Rating: 7 out of 10.

Everything is new to me.

First things first: Amjad Al Rasheed’s debut feature Inshallah a Boy is very good. With a compelling dramatic catalyst—the death of a Jordanian man leaving his widow (the always wonderful Mouna Hawa’s Nawal) in the hands of a court that holds hers and their daughter’s claim to his inheritance as inferior to all others related to the deceased—and a fearless drive to point out the many hypocrisies inherent to a government ruled by a patriarchal religion in the twenty-first century (not to mention how much America’s own legislators are adopting similar trends), the emotional weight equals the movie’s great production value.
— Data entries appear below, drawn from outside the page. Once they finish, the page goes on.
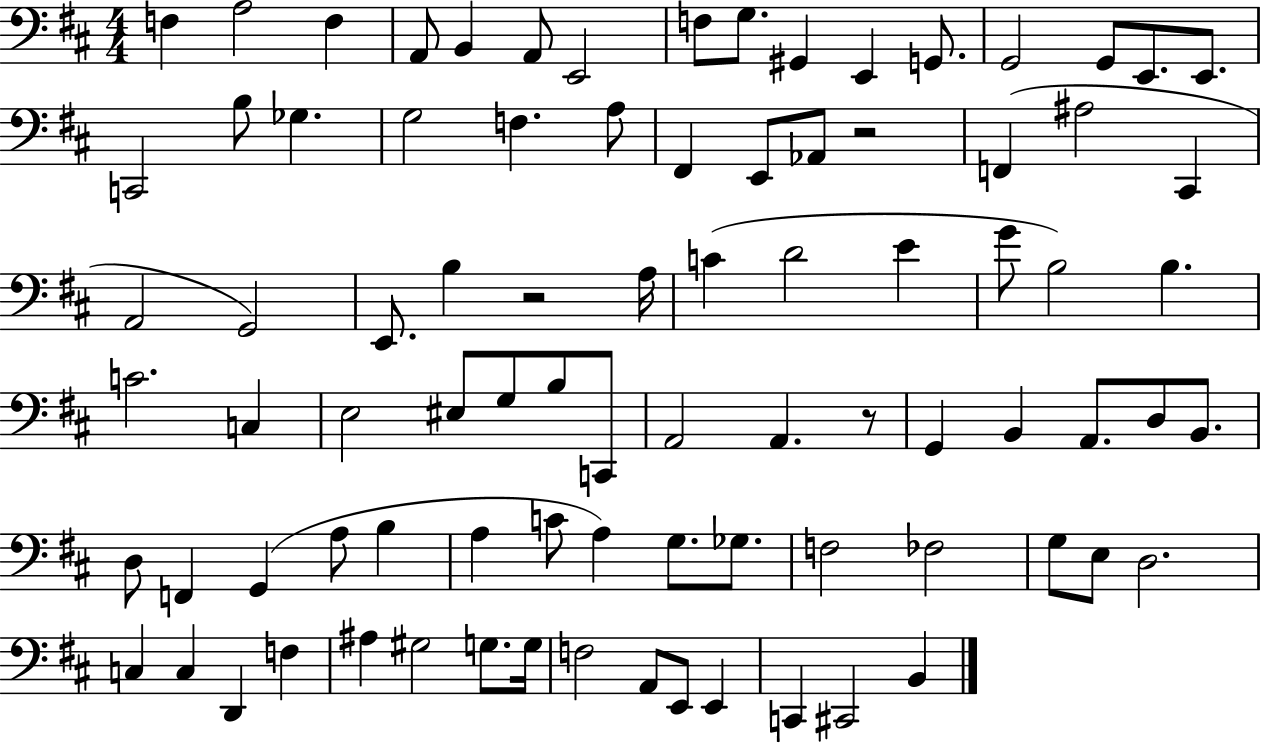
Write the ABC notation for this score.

X:1
T:Untitled
M:4/4
L:1/4
K:D
F, A,2 F, A,,/2 B,, A,,/2 E,,2 F,/2 G,/2 ^G,, E,, G,,/2 G,,2 G,,/2 E,,/2 E,,/2 C,,2 B,/2 _G, G,2 F, A,/2 ^F,, E,,/2 _A,,/2 z2 F,, ^A,2 ^C,, A,,2 G,,2 E,,/2 B, z2 A,/4 C D2 E G/2 B,2 B, C2 C, E,2 ^E,/2 G,/2 B,/2 C,,/2 A,,2 A,, z/2 G,, B,, A,,/2 D,/2 B,,/2 D,/2 F,, G,, A,/2 B, A, C/2 A, G,/2 _G,/2 F,2 _F,2 G,/2 E,/2 D,2 C, C, D,, F, ^A, ^G,2 G,/2 G,/4 F,2 A,,/2 E,,/2 E,, C,, ^C,,2 B,,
Unfortunately, however, it also falls prey to a desire to not take its issues to their true (possibly nightmarish) ends. Yes, you don’t want the whole to fall into miserablism—especially considering a lot of what happens goes there anyway—but you also don’t want to subvert the message that one cannot simply rely on God by then letting God be reliable (albeit very late). Because I absolutely love how the first half of the film spells out the reality of the situation as God only “listening” to men. That God answers Rifqi’s (Hitham Omari) prayers for money through the death of his brother only to ignore his sister-in-law’s prayers for common decency.
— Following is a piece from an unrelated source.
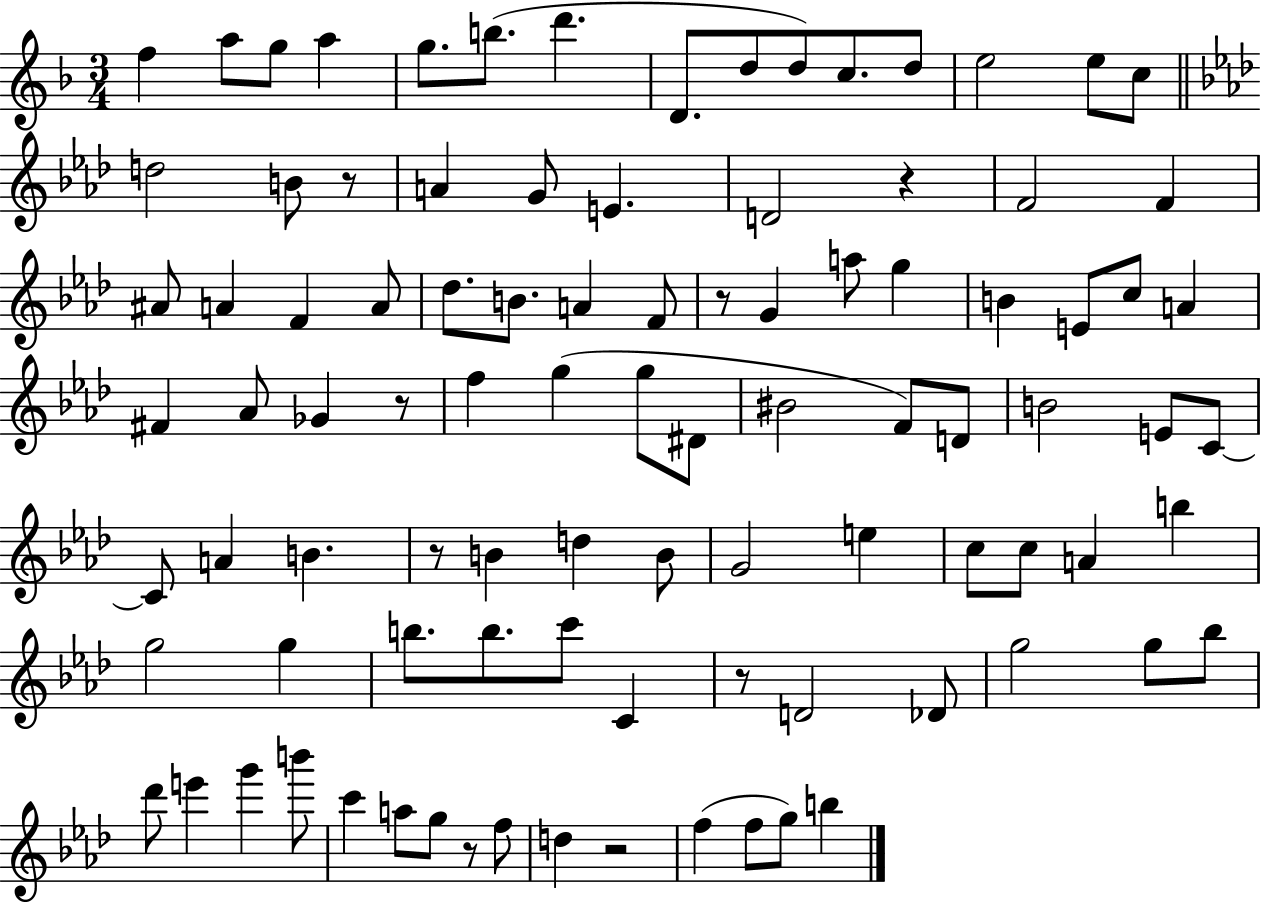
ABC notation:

The way co-writers Delphine Agut and Rula Nasser draw up the script, every pious necessity that Nawal has been indoctrinated by is gradually picked apart for its true purpose: to give men control over women’s lives. We’re watching life, justice, and even those who are supposed to be on her side (Mohammed Al Jizawi as her brother Ahmad) fail to support her in her time of need. We’re watching her faith be shaken with good reason—her eyes opening to the naïveté she didn’t know ruled her actions until her buffer’s absence (a husband doubling as guardian where Jordan is concerned) dumped everything at her feet.
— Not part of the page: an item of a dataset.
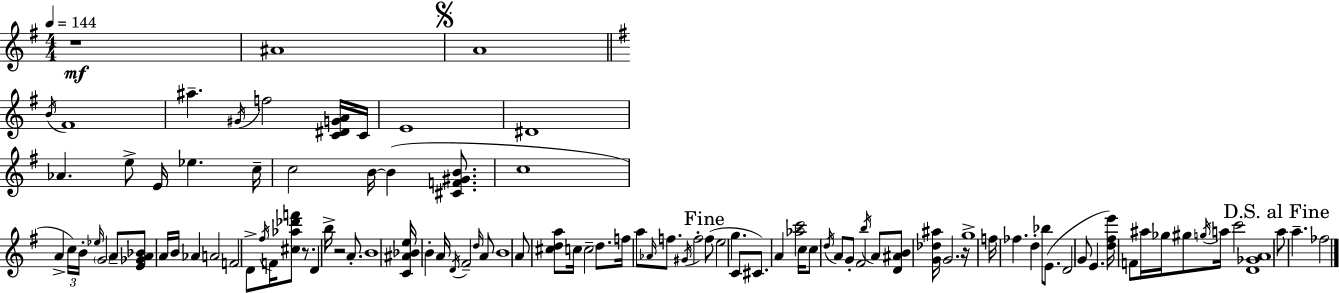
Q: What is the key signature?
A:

One would therefore assume such an incisive and damning commentary on an unjust system would either find its victim empowered to overcome it or be forced to succumb. To show the horrors that befall this widowed mother and other more “modern” woman like Yumna Marwan’s Lauren (since Nawal is ostensibly being radicalized on-screen) is necessary to shine a light on how pervasive gender inequality is throughout the world, but so is providing hope it can be defeated or terror that it cannot. To choose to ignore those options and playing both sides as if nothing is actually wrong (awakening Nawal while also supplying a solution that further feeds the broken system) is disappointing.

It doesn’t ruin the experience, though. Al Rasheed doesn’t hide the fact that he’s moving towards the ending he inevitable gives us, so you do have time to make peace with the cop-out while also holding onto the belief he’ll get there in a way that won’t risk erasing the very truths he’s revealed through this embattled mother. And, despite that trajectory, Hawa is simply too good not to fully conclude that the potential “miracle” on the horizon won’t make her forget everything she’s seen. I wish the film did more to prove this prospect, but I’ll gladly assume it’s merely her chance to breathe a second so she can figure out how to leave Jordan and ensure her daughter will never endure the same injustice.


Mouna Hawa and Celina Rabab’a in INSHALLAH A BOY; courtesy of Greenwich Entertainment.